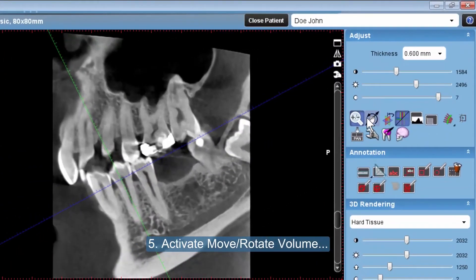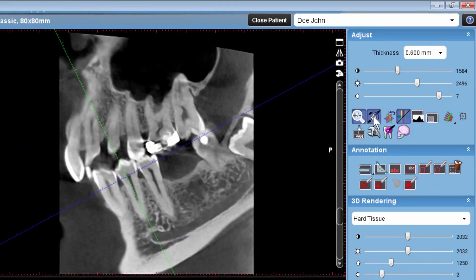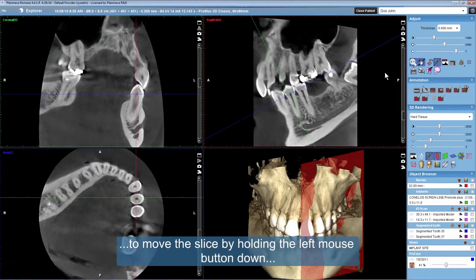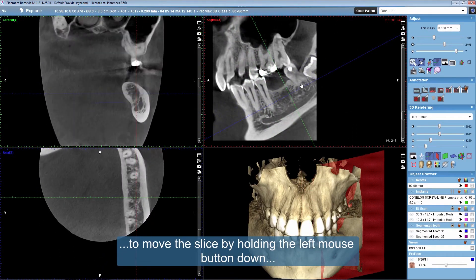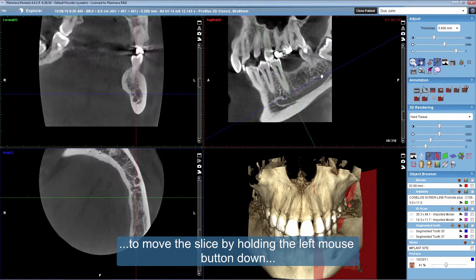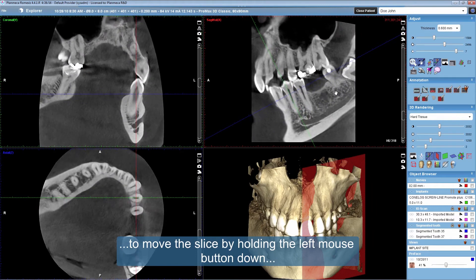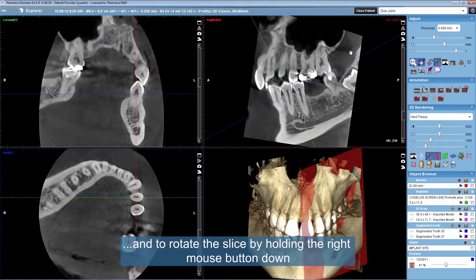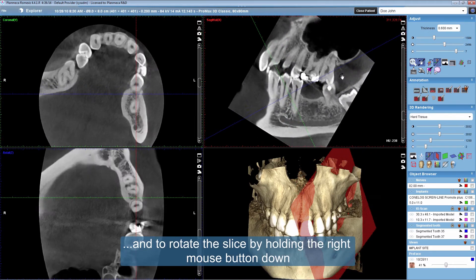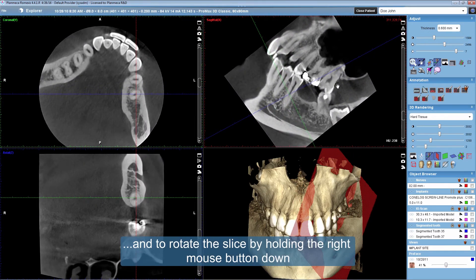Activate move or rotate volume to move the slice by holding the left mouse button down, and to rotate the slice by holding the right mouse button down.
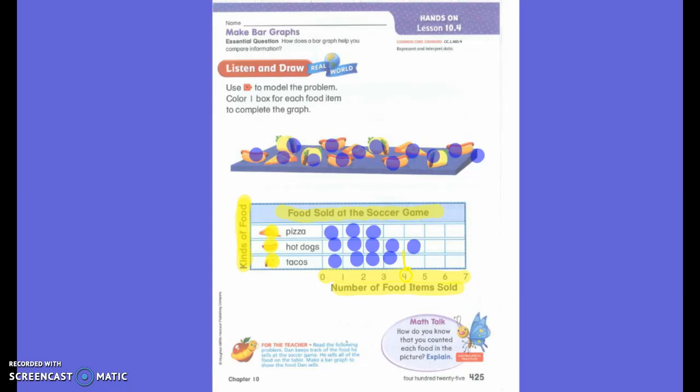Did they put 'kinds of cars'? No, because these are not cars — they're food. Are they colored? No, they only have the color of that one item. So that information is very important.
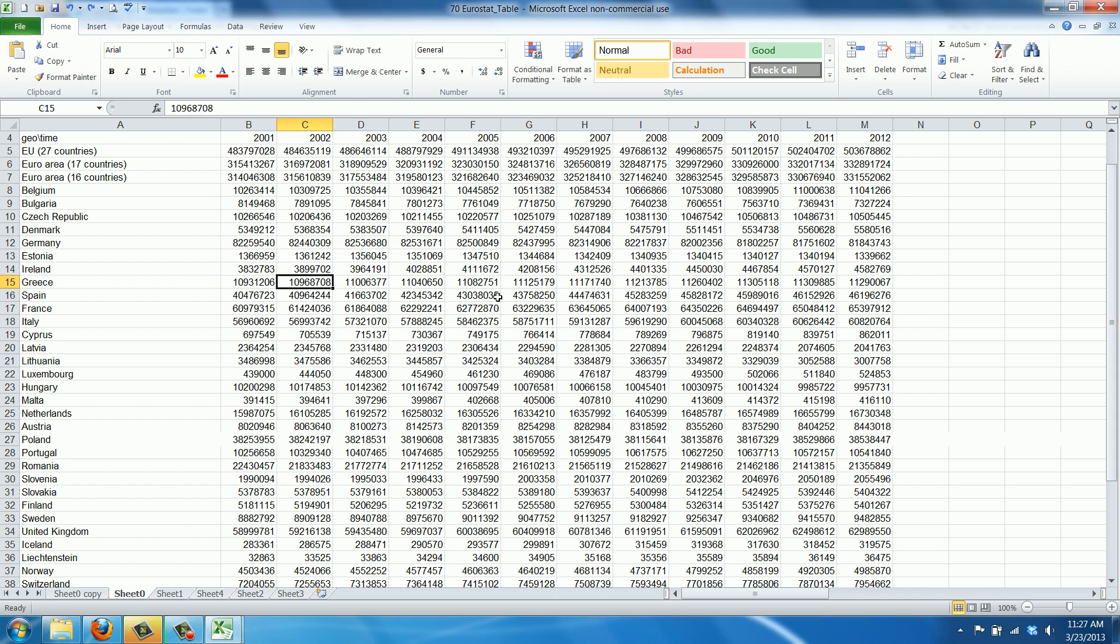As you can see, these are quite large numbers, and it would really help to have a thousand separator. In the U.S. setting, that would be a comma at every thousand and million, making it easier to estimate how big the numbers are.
—————
▶ _Exercise goal_: Restate the data word for word and exclude every picture.

▶ _Task result_:
Activate move or rotate volume to move the slice by holding the left mouse button down, and to rotate the slice by holding the right mouse button down.
Did they put 'kinds of cars'? No, because these are not cars — they're food. Are they colored? No, they only have the color of that one item. So that information is very important.
As you can see, these are quite large numbers, and it would really help to have a thousand separator. In the U.S. setting, that would be a comma at every thousand and million, making it easier to estimate how big the numbers are.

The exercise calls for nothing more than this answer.